═════ Available data

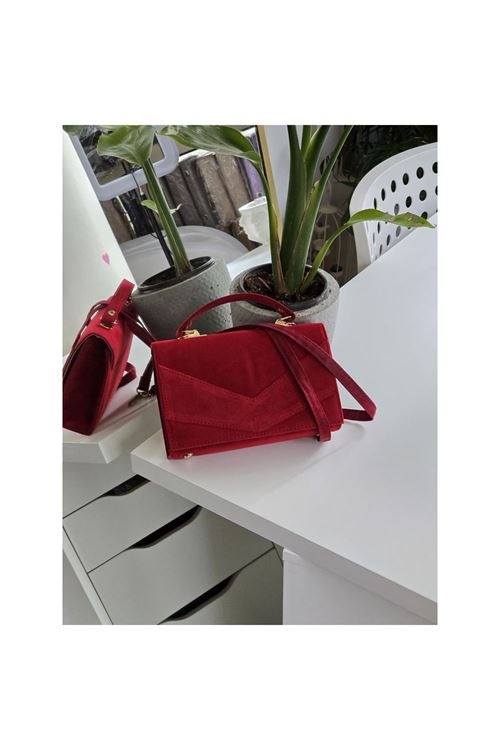 Kadın Kırmızı Süet Zarf Tutma Saplı Omuz Çantası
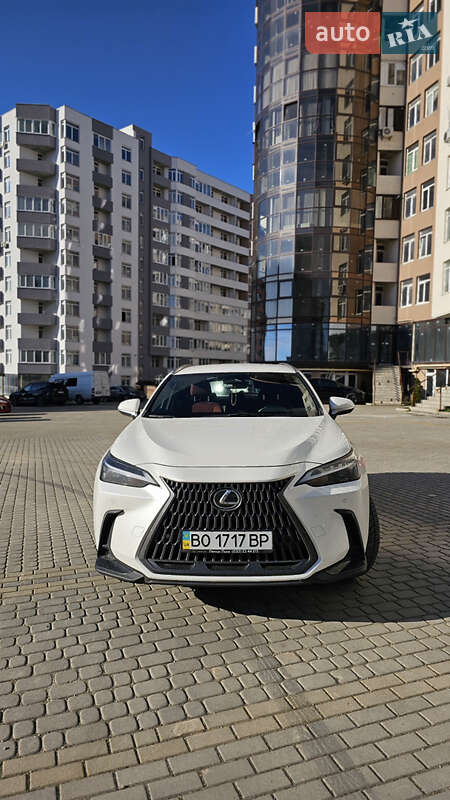 Позашляховик / Кросовер Lexus NX 2022 в Тернополі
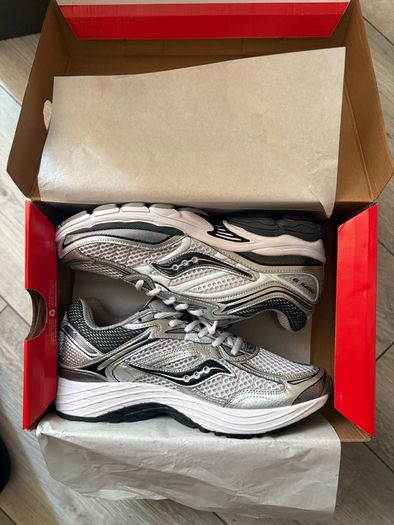 Saucony ProGrid Omni 9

══════════

Set down the material above exactly as it reads, but not its pictures.

 Kadın Kırmızı Süet Zarf Tutma Saplı Omuz Çantası
 Позашляховик / Кросовер Lexus NX 2022 в Тернополі
 Saucony ProGrid Omni 9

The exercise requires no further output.